Task to carry out >> Nothing but the text of the listing, repeated exactly, belongs in the answer; leave the images out.
─── Information
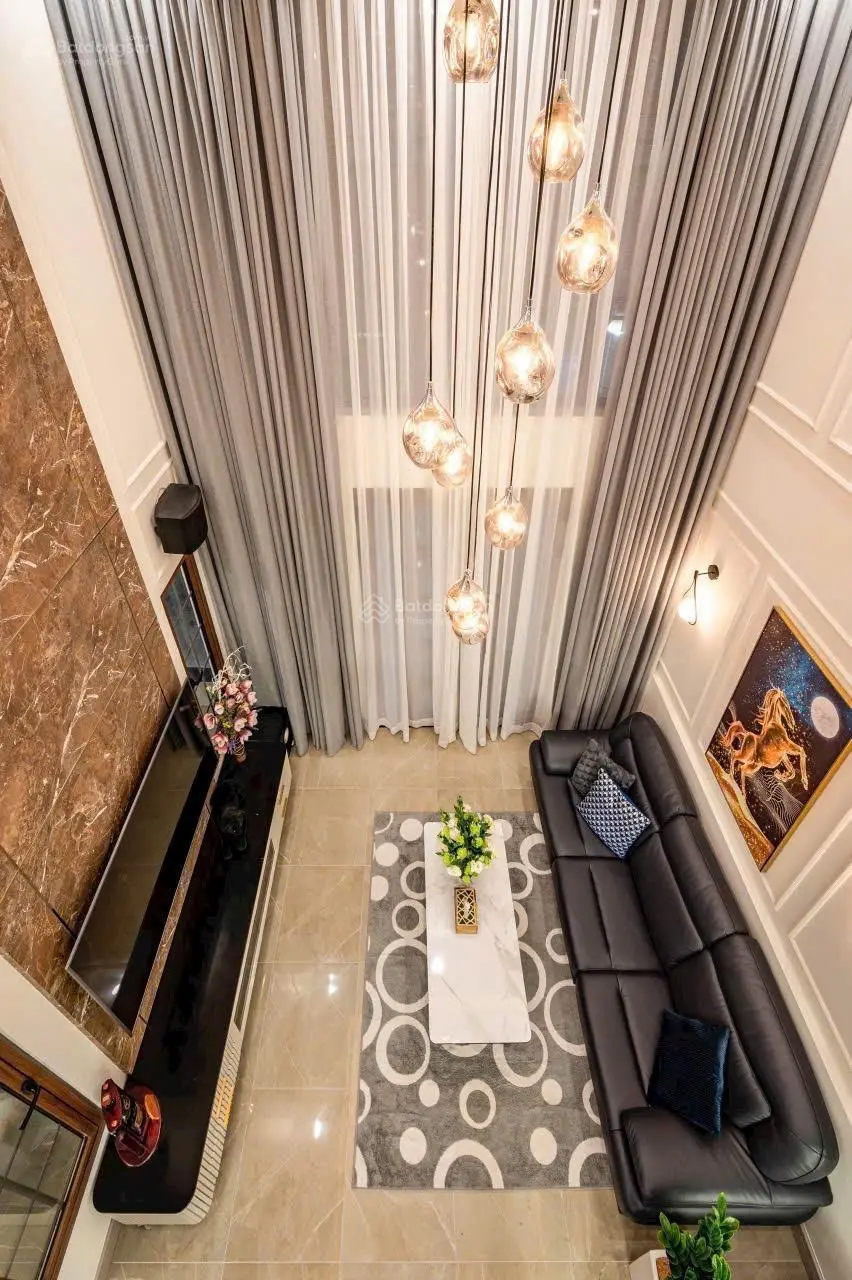 Tuyệt phẩm Villa HXH Trần Bình Trọng QUẬN 5 ( 5 lầu, 66m2. 7.8x12m) GIÁ 19.5 TỶ TL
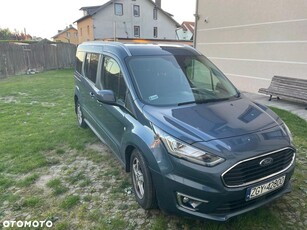 Ford Tourneo Connect 1.5 EcoBlue Titanium PowerShift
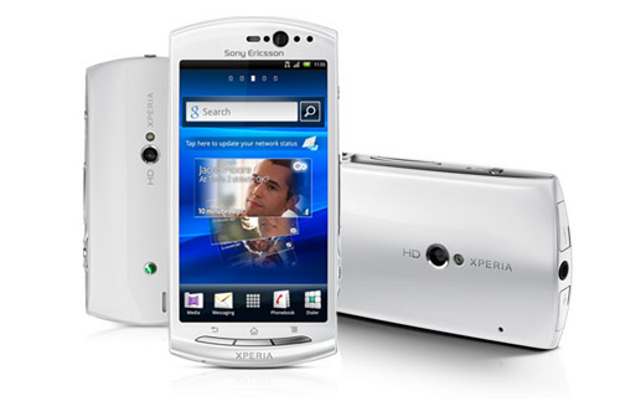 Xperia phones to get Android ICS this month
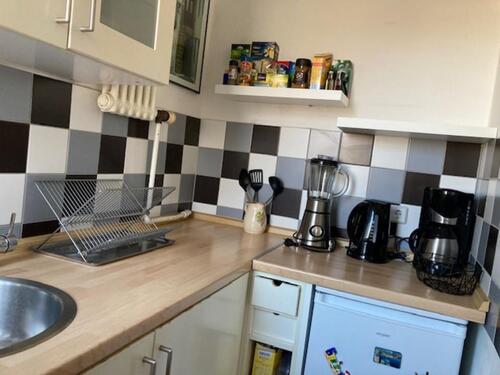 Foto - 1 Zimmer Etagenwohnung zur Miete in Berlin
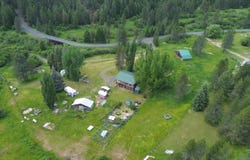 1401 Forks Rd, Deary, ID 83823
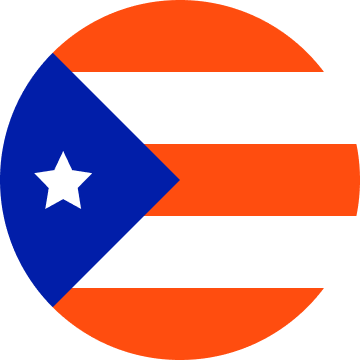 PR flag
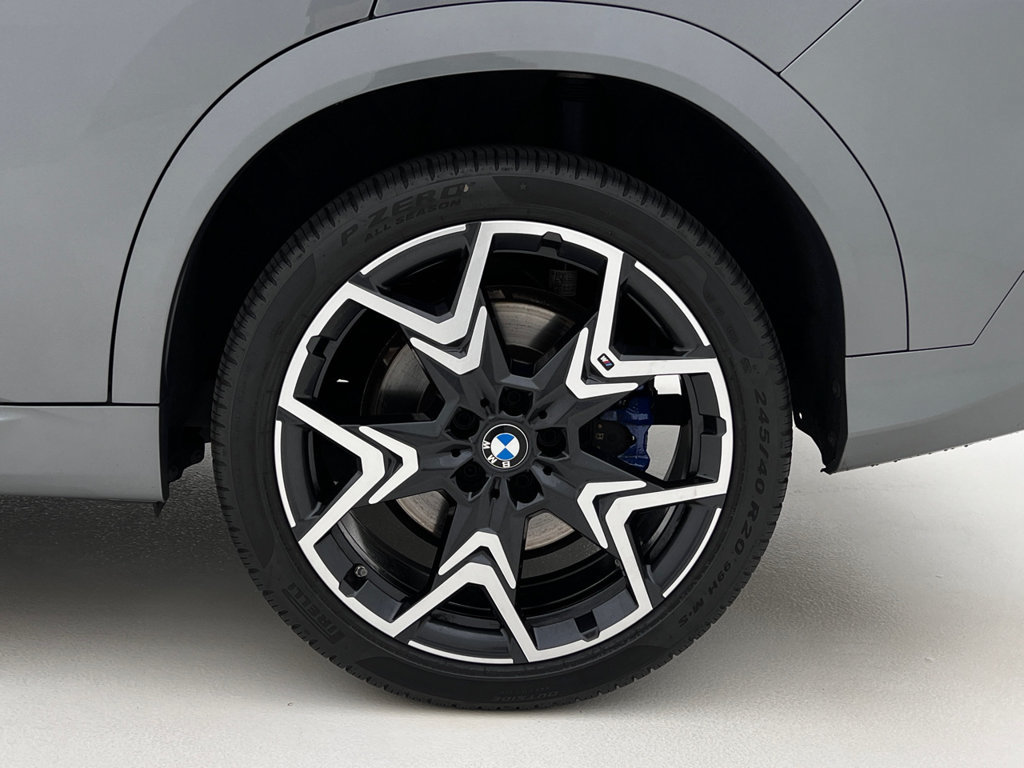 Certified 2025 BMW X2 M35i w/ Premium Package AWD/4WD image 27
──────
Task answer >>
 Tuyệt phẩm Villa HXH Trần Bình Trọng QUẬN 5 ( 5 lầu, 66m2. 7.8x12m) GIÁ 19.5 TỶ TL
 Ford Tourneo Connect 1.5 EcoBlue Titanium PowerShift
 Xperia phones to get Android ICS this month
 Foto - 1 Zimmer Etagenwohnung zur Miete in Berlin
 1401 Forks Rd, Deary, ID 83823
 PR flag
 Certified 2025 BMW X2 M35i w/ Premium Package AWD/4WD image 27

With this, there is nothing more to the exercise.